What is needed
Please return the data that follows precisely as written, but without the images.

Dataset content
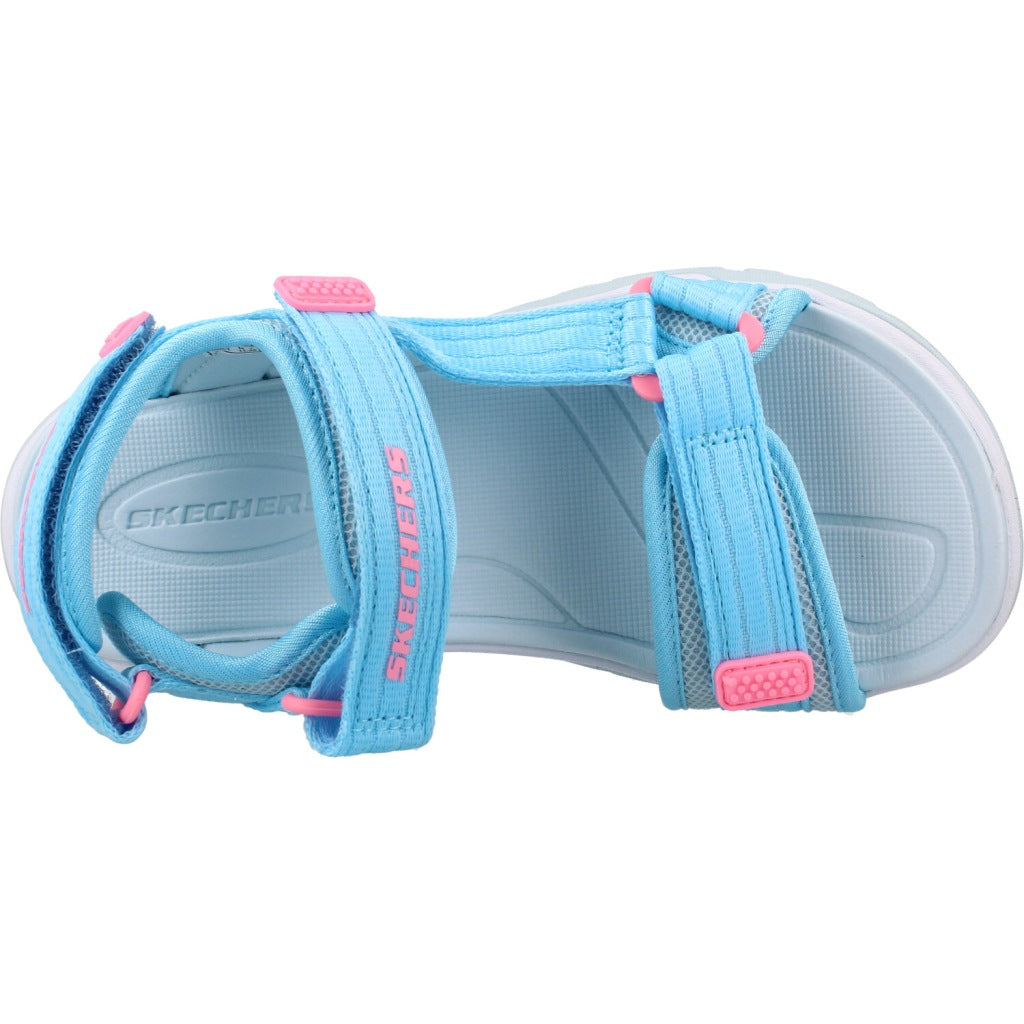 SKECHERS L en color AZUL  (7)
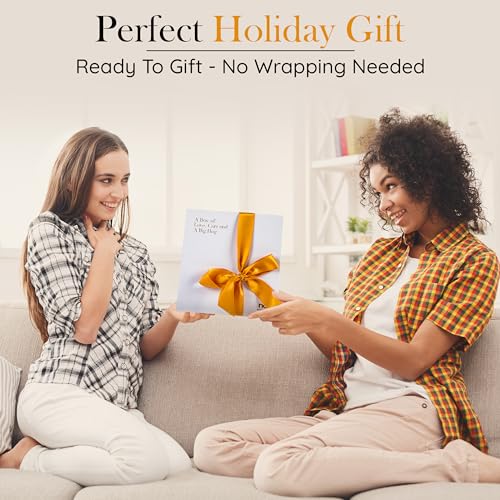 Self Care Gifts for Women, Birthday Care Package, Get Well Soon Relaxing Spa Gift Busket Thinking of You Gift Set for Her Sister Best Friend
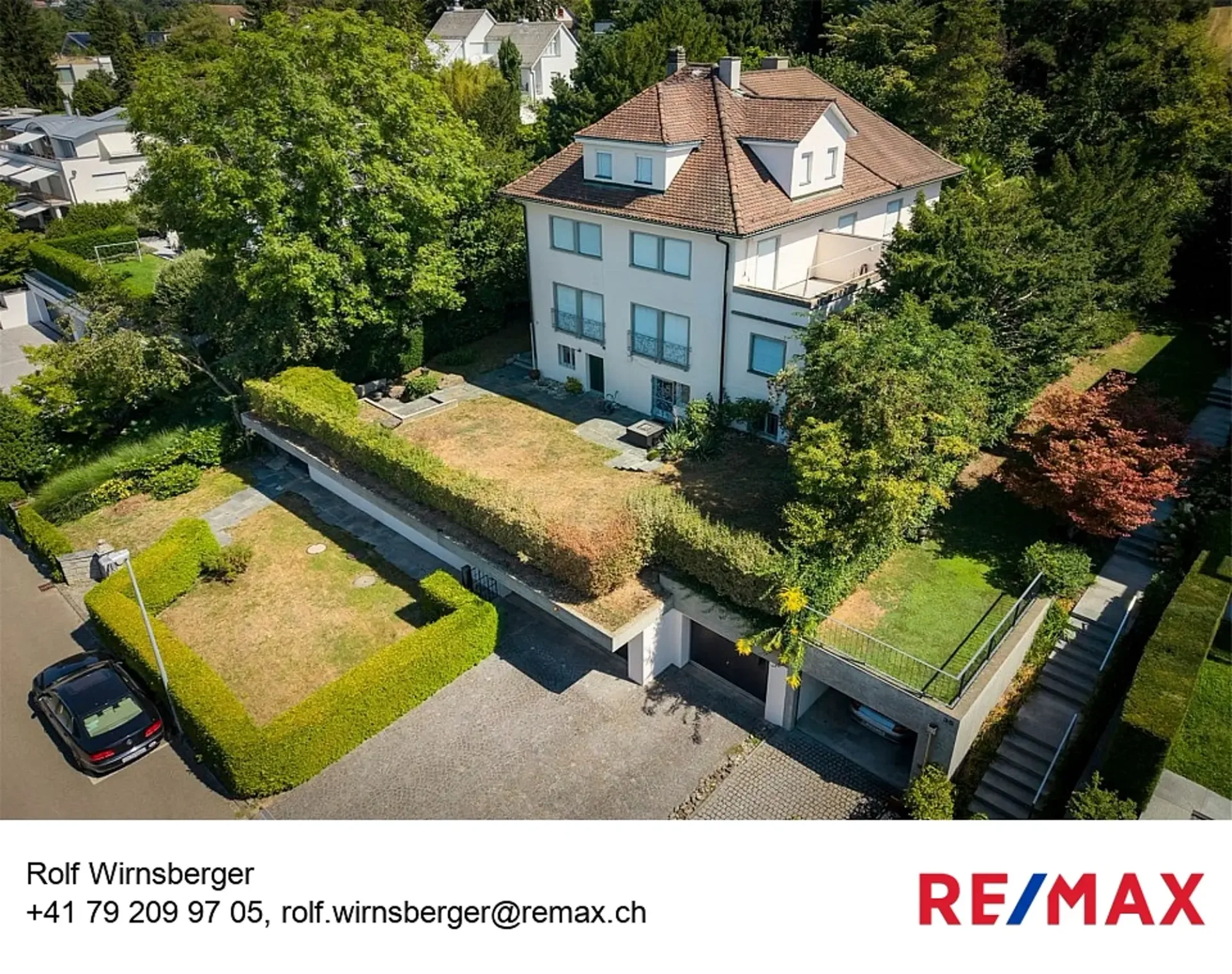 Grosszügiges freistehendes Einfamilienhaus in ruhiger Lage von Zollikon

Task result
 SKECHERS L en color AZUL  (7)
 Self Care Gifts for Women, Birthday Care Package, Get Well Soon Relaxing Spa Gift Busket Thinking of You Gift Set for Her Sister Best Friend
 Grosszügiges freistehendes Einfamilienhaus in ruhiger Lage von Zollikon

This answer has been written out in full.